## What this task involves
Please transcribe all of the entries exactly, leaving out any images.

## Data
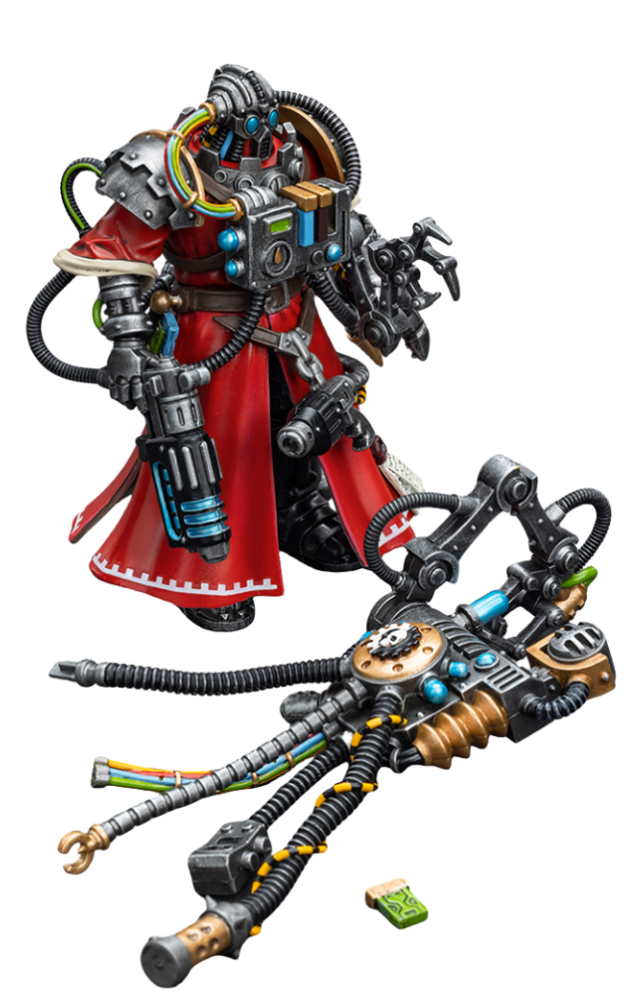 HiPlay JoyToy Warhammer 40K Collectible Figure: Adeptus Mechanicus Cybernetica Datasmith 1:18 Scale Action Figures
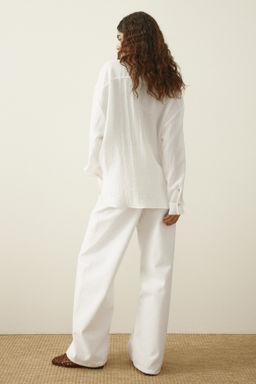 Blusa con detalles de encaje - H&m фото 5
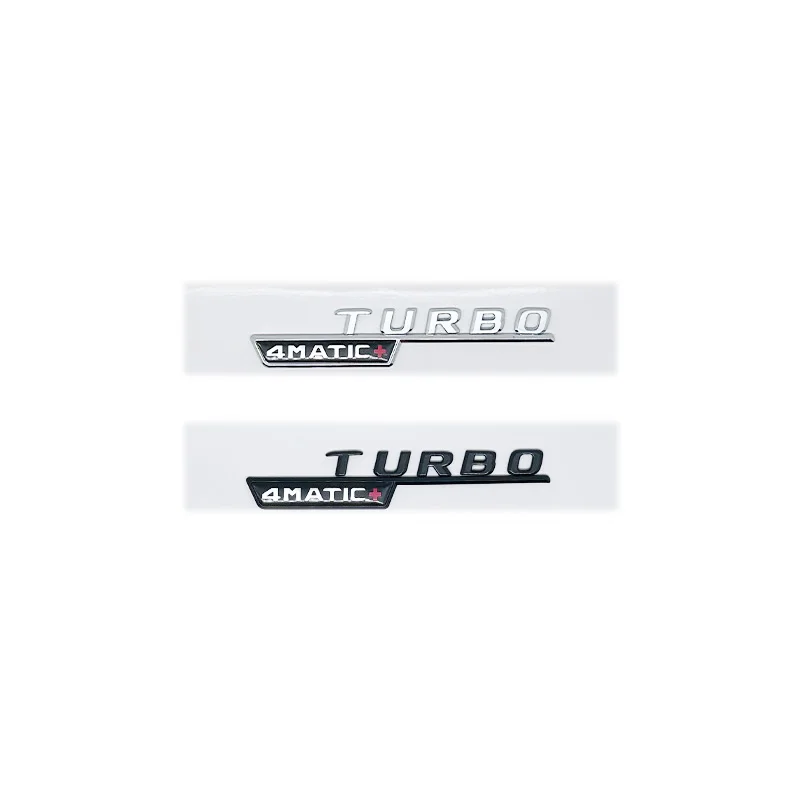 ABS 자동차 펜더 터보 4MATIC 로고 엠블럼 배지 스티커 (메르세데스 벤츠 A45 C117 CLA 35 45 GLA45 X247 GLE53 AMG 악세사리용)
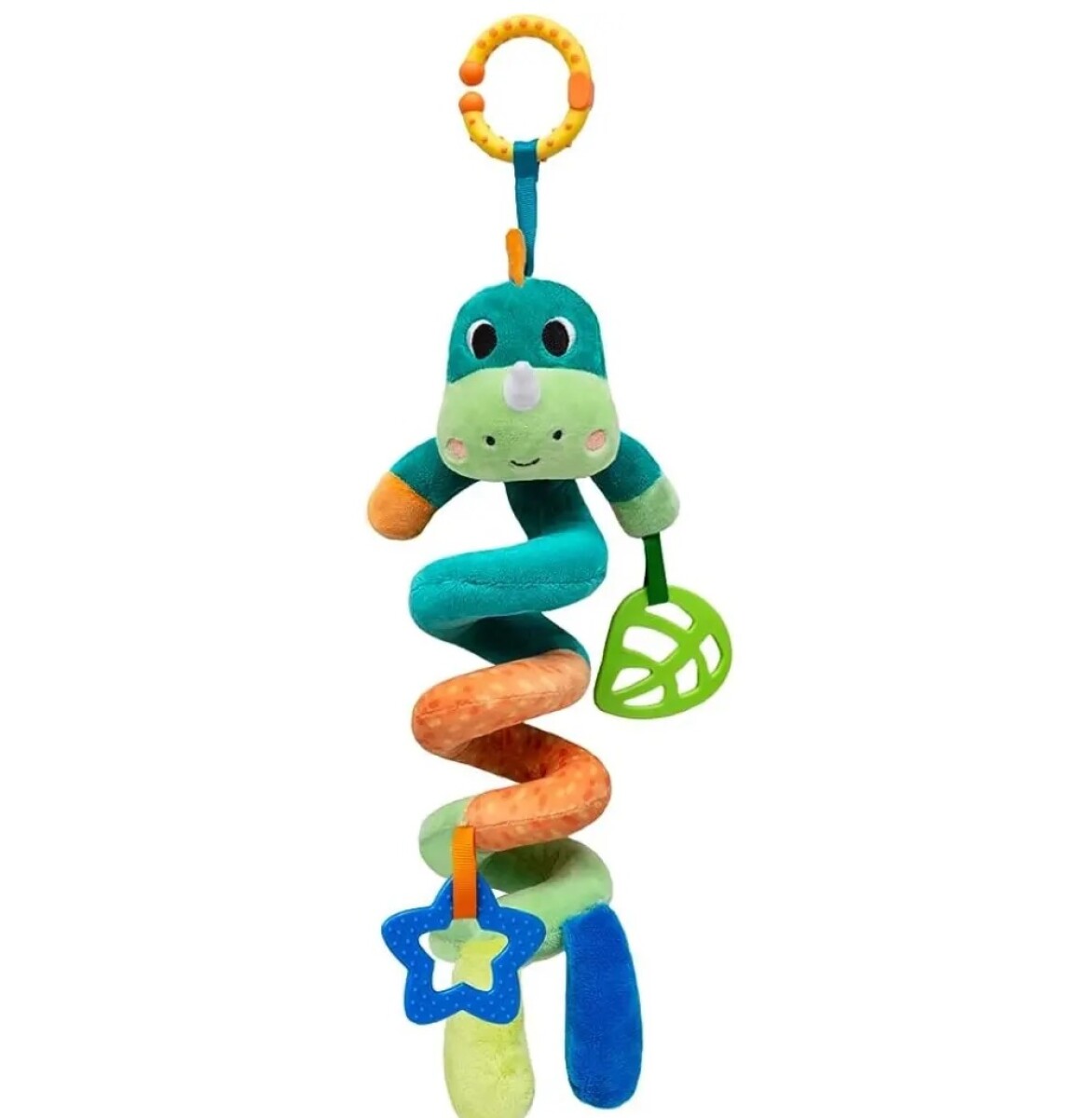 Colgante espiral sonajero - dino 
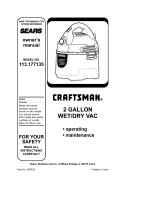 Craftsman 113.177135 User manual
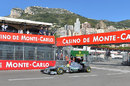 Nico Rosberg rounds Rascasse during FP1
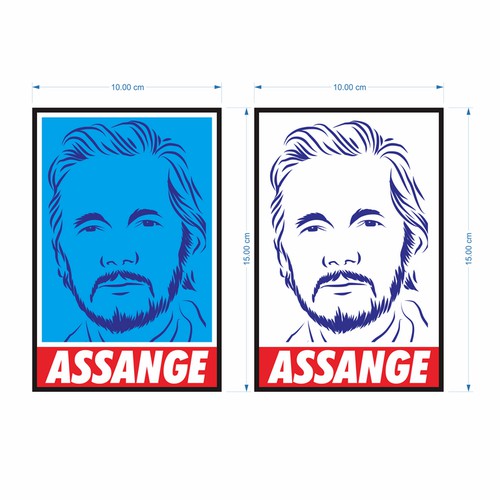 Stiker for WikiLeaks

## Final answer
 HiPlay JoyToy Warhammer 40K Collectible Figure: Adeptus Mechanicus Cybernetica Datasmith 1:18 Scale Action Figures
 Blusa con detalles de encaje - H&m фото 5
 ABS 자동차 펜더 터보 4MATIC 로고 엠블럼 배지 스티커 (메르세데스 벤츠 A45 C117 CLA 35 45 GLA45 X247 GLE53 AMG 악세사리용)
 Colgante espiral sonajero - dino 
 Craftsman 113.177135 User manual
 Nico Rosberg rounds Rascasse during FP1
 Stiker for WikiLeaks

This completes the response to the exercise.